# YOUR INSTRUCTIONS
For the records below, say how many lines contain the string "Short". Give no other text.

|---|

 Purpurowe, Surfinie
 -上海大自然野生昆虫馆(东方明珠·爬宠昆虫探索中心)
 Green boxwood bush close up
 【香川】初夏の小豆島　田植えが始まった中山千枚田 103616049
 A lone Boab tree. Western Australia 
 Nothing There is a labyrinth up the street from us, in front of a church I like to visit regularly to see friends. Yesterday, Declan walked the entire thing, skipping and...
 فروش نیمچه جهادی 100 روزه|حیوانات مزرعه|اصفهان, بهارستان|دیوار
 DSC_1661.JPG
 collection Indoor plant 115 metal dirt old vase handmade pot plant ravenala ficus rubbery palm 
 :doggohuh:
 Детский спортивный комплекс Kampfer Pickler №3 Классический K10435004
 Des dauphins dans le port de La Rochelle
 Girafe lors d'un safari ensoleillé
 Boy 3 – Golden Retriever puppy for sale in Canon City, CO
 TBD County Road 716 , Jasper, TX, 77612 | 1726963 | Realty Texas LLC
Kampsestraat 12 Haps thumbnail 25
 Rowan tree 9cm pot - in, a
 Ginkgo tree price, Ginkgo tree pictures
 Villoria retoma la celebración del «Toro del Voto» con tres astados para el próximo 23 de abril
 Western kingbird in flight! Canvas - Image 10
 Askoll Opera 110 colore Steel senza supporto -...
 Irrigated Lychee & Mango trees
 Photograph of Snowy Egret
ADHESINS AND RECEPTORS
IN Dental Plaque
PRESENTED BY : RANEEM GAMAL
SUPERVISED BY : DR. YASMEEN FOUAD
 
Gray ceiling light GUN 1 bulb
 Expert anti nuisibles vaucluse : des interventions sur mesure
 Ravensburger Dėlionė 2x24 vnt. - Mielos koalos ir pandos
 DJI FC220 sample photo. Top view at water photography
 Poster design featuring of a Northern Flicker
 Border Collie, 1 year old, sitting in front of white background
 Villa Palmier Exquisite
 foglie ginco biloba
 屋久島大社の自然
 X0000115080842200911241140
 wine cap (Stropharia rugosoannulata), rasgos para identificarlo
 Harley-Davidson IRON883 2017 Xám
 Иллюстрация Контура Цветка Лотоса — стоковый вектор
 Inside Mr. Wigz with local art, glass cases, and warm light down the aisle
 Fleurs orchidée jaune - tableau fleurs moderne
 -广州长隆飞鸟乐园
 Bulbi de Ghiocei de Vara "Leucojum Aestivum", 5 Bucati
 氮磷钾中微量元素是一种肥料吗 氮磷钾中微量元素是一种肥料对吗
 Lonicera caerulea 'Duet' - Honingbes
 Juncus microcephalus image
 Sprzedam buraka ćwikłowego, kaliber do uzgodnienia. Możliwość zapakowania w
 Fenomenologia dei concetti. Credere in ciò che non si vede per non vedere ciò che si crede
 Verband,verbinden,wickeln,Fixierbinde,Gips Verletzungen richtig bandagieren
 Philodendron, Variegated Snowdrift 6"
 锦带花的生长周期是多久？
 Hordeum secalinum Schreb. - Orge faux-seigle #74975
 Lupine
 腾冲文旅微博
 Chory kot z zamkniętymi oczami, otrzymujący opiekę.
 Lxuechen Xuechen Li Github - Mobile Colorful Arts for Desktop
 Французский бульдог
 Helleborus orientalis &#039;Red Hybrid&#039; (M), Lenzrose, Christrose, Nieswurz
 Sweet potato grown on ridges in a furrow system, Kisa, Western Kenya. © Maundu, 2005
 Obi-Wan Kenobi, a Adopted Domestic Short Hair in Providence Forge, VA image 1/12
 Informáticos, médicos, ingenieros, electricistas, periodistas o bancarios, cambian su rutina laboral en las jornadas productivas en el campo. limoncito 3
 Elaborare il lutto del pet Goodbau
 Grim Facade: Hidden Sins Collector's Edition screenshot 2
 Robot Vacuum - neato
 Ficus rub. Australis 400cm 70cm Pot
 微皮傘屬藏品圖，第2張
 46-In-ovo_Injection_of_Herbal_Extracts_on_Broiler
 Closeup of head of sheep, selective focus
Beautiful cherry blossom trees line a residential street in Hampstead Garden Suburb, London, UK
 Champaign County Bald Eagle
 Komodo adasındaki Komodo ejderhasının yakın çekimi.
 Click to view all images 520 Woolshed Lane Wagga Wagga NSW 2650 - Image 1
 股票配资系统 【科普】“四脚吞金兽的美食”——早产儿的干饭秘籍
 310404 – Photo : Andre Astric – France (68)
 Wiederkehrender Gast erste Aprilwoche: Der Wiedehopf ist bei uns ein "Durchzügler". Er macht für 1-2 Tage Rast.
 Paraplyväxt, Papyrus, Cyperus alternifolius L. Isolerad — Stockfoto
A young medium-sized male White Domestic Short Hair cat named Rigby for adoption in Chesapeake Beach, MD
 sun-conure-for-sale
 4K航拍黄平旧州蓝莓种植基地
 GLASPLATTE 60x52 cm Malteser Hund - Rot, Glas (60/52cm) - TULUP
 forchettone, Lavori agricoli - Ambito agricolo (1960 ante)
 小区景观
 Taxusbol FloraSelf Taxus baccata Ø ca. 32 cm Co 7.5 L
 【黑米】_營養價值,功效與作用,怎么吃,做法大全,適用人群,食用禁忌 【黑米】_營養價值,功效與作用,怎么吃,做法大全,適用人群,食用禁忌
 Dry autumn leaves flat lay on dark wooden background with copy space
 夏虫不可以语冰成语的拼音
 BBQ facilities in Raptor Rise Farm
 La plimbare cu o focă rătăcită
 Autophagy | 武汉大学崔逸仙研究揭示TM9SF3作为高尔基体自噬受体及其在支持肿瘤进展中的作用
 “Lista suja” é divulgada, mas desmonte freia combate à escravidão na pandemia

|---|

# ANSWER SPACE
2